OKR Planning Starter Kit

OKR Planning Starter Kit

Download the OKR Planning Starter Kit

Use this free starter kit to help you plan out your quarterly or annual OKRs. This kit includes resources to help you evaluate and compare different types of OKRs, as well as set goals effectively.

In this kit, you’ll find:

OKR Planning Best Practices

As you set and plan your goals, here are a few tips to help you succeed. Though you don’t have to implement every tip in every OKR planning session, consider them all within the context of your team and company.

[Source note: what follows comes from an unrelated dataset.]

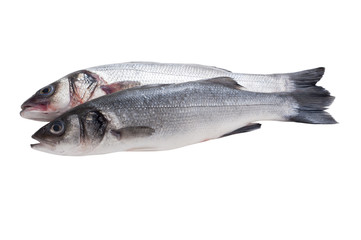 raw seabass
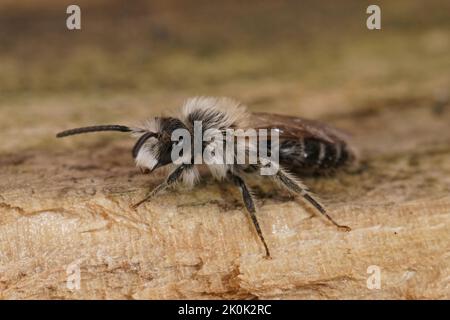 Nahaufnahme des kleinen weißen Männchen der Sandgrubenbiene, Andrena barbilabris, der auf dem Feld auf Holz sitzt Stockfoto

  • Maximize Buy-In: Doing so can help prevent issues with communication or motivation later in the process. It also can help foresee potential issues. “Make sure everyone on the team is involved in the setting process so that they can spot any problems,” Kelly advises.
  • Set Stretch Goals: “I like to call it a ‘moonshot,’” says Montgomery. “The outcome is uncertain, but nobody gets blamed or punished if you don’t get there.” Montgomery also notes that it’s especially important not to link OKR performance to compensation — “otherwise, people will play it safe.” The OKR framework is for moving into new territory, and people should feel comfortable enough to take risks and make mistakes that they can learn from.
  • Be Transparent: “OKRs are public; everyone in the company should be able to see what everyone else is working on (and how they did in the past),” wrote Rick Klau, who spent nearly a decade at Google Ventures, in 2012, in a paper about how Google sets goals. Every project team member, contributor, and stakeholder should be aligned on the team and company objectives, and discussing OKRs transparently ensures accountability and cooperation. Once the team discusses and agrees upon objectives, you can also identify a clear set of key results.
  • Be Realistic: Allan Kelly considers one objective per quarter to be ideal, while Daniel Montgomery generally follows the rule of “three, plus or minus one.” They both agree that for most businesses — that is, those focusing on growth rather than solely innovation — it’s important to be realistic, even while being ambitious.
  • Stay on Offense: The OKR framework is not for damage control or firefighting. It’s for growth, transformation, and change. Avoid falling into a defense stance, or sandbagging — piling up a fortification just to hold back a flood.
  • Don’t Forget Business-as-Usual: At the same time, it’s important to limit the number of stretch goals you set. If your company is young or your team’s only focus is innovation, you might have the bandwidth for more OKRs than a more mature company. But Montgomery notes, older organizations also need to “keep selling what they're already selling.” To do this, Allan Kelly recommends keeping an “OKR #0.” This keeps the rest of your OKRs clearly connected to your BAU, backlog, or other “support activities.”

    Doug Gray

  • Consult Experts: “I often state that ‘a little structure goes a long way toward desired outcomes,’” says Doug Gray, CEO of Action Learning Associates, LLC. “There are two types of objectives or outcomes: behavioral and performance. Most teams do better when an external facilitator drives the process with a regular cadence and executive involvement.”
  • Focus on Impact: Prioritize objectives that move the needle with the company’s larger goals for success, as well as address critical challenges and timely opportunities.

    Vetri Vellore

  • Avoid Wordiness: To keep the focus on growth and innovation, even if BAU needs to be taken into account, it’s important to write OKRs that are short, clear, and concise, and that lend themselves to “timely resolution of disagreements,” according to Vetri Vellore, a former VP at Microsoft and author of OKRs for All: Making Objectives and Key Results Work for Your Entire Organization. “Keep the planning process concise, and avoid spending too much time on wording,” he advises.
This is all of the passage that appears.